Amerikalı bir üniversite öğrencisi olan Billy Hayes, 51 yıl önce turist olarak Türkiye’ye geldi. O günlerde giderek yayılan ve “Çiçek Çocukları” olarak da bilinen “Hippi” akımına kapılmıştı. İstanbul Sultanahmet’te gitar çalıp eğlenen ve uyuşturucu da kullanan hippiler arasında bir hafta geçirdi. 7 Ekim 1970 günü ülkesine dönerken iki kilo esrarı, bir kuşağın içinde beline sardı. Yeşilköy Havalimanı'nda uçağa binmek üzereyken yakalanıp tutuklandı, 30 yıl hapse mahkum oldu. GENİŞ YANKI UYANDIRDI Olay Türkiye ve ABD’de geniş yankı uyandırdı. Amerika, “Hayes’ı serbest bırakın” baskısı kurmaya başladı. 1975’te Milliyetçi Cephe hükümeti iş başına geldi. Hayes’ın önünde yatması gereken 25 yıl daha vardı. Ancak 'iyi hali' gerekçe gösterilerek, Sağmalcılar’dan İmralı Yarı Açık Cezaevi'ne gönderildi. 2 Ekim 1975 gecesi ise hayatının dönüm noktası oldu. 20 GÜN SONRA AÇIKLANDI Kendi iddiasına göre o gece İmralı’ya bir kum motoru yanaşmıştı ve arkasında da bir sandal bağlıydı. Sandalın içine saklandı ve tekne denize açılınca sandalın ipini kesti, 6 saat dalgalarla boğuşup Bandırma’dan karaya çıktı. Üç otobüs değiştirip, önce Bursa, sonra İstanbul, ardından Edirne’ye gitti. Enez ilçesi yakınlarından Meriç nehrini yüzerek geçip Yunanistan’a sığındı. Bu hikayeye kimse inanmadı ama sonuçta cezaevinden kaçmış ya da kaçırılmıştı. Firar olayı da gizlenip ve 20 gün sonra açıklanmıştı. ABARTILARLA DOLU HİKAYE Hayes, New York’ta kahraman gibi karşılandı. Aradan 3 yıl geçti. 1978’de Türkiye günlerini “Midnight Express” adlı kitabında anlattı. Oliver Stone da, Hayes'ın abartılarına yenilerini ekleyip hayal ürünü bir senaryo yazdı. Malta’da çekilen 2.5 milyon dolar bütçeli filmde Türkiye ile ilgili birçok olumsuz bölüm vardı. 43 yıl önce tarihler 23 Mayıs 1978'i gösterdiğinde film gösterime girdi. Hayes telif haklarından büyük paralar kazandı. İADE ANLAŞMASI İMZALANDI Oliver Stone, Oscar ödülü aldı. Yönetmen Alan Parker’ın da yıldızı parladı. Milyonlarca kişi tarafından izlenen filmde anlatılanların bir kısmı maalesef doğruydu ama büyük bölümü hayal ürünüydü. Her izleyen tümünü gerçek zannetti. Hollywood bombası Türkiye’ye düşmüştü. Turizm başta olmak üzere birçok sektör vurgun yedi. Film vizyona girdikten 45 gün sonra ise ilginç bir biçimde, Türkiye ile ABD arasında mahkumların iadesi anlaşması imzalandı.
Filmde özellikle cezaevi sahneleri gündem olmuştu. Billy Hayes karakterini Brad Davis canlandırmıştı.
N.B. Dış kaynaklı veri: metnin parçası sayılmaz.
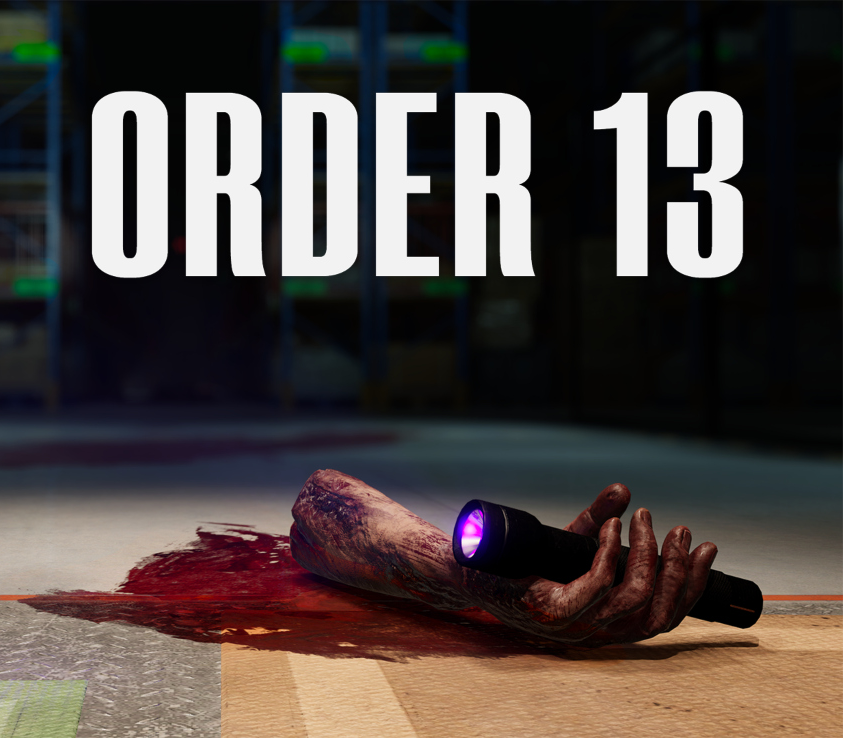 ORDER 13 PC Steam CD Key  REGION FREE Oro Interactive - [Email/Instant Delivery]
İş işten geçtikten sonra özür geldi

Senarist Oliver Stone, 2004'te Türkiye'ye geldi, “Ülkenizde pek çok kalp kırdım” diyerek özür diledi. Hayes da pişmanlığını dile getirip “Bütün Türklerin filmdekiler gibi zalim olduğu izlenimi doğdu” dedi. 29 Ekim 2014'teki Cumhuriyet Bayramı'nda New York’ta Türk Bayrağını göndere çekip, bir kez daha özür diledi. Film, sinemaların ardından TV'lerde yayınlandı, DVD’si satıldı, halen de dijital platformlarda yer alıyor. Hayes 2016'da gerçekleri anlattığı “Midnight Return” adlı belgeselle hatasını telafi etmeye çalıştı. Ama iş işten geçmişti.
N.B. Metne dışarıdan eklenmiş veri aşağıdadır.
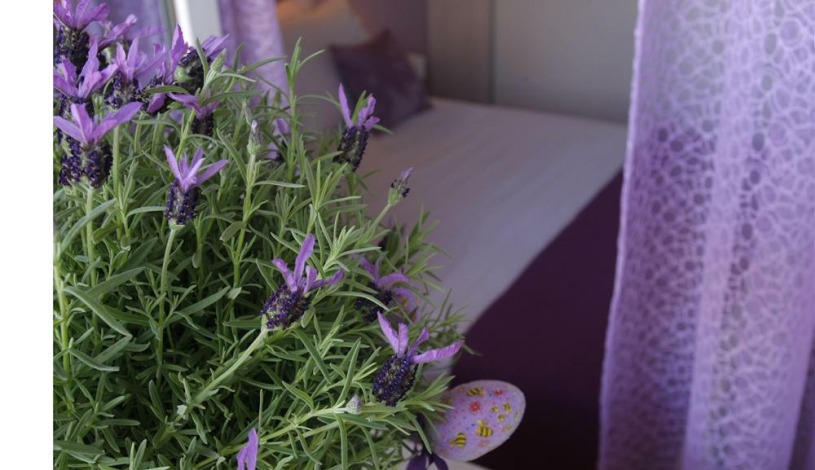 Apartment Tončićeva ulica Split - Apt 17330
Oliver Stone: Sipariş bir işti

10 Aralık 2004’de Türkiye’ye gelen filmin senaristi Oliver Stone dönemin Kültür Turizm Bakanı Erkan Mumcu ile görüştü. Mumcu 17 yıl önceki bu görüşmeyi SÖZCÜ HaftaSonu’na şöyle anlattı: “O dönemde beş parasız, perişan, sefil bir durumda olduğunu, bu proje önüne gelince kabul ettiğini söyledi. ‘Sipariş bir işti, propaganda filmiydi, hata yaptım’ dedi. Hatasını telafi etmek istediğini ve pişmanlığını dile getirdi. Parasız ve zor durumda olduğu için bu işe girdiğine ilişkin sözlerini samimi buldum, ancak pişmanlığı gerçek fikri olmayabilir.”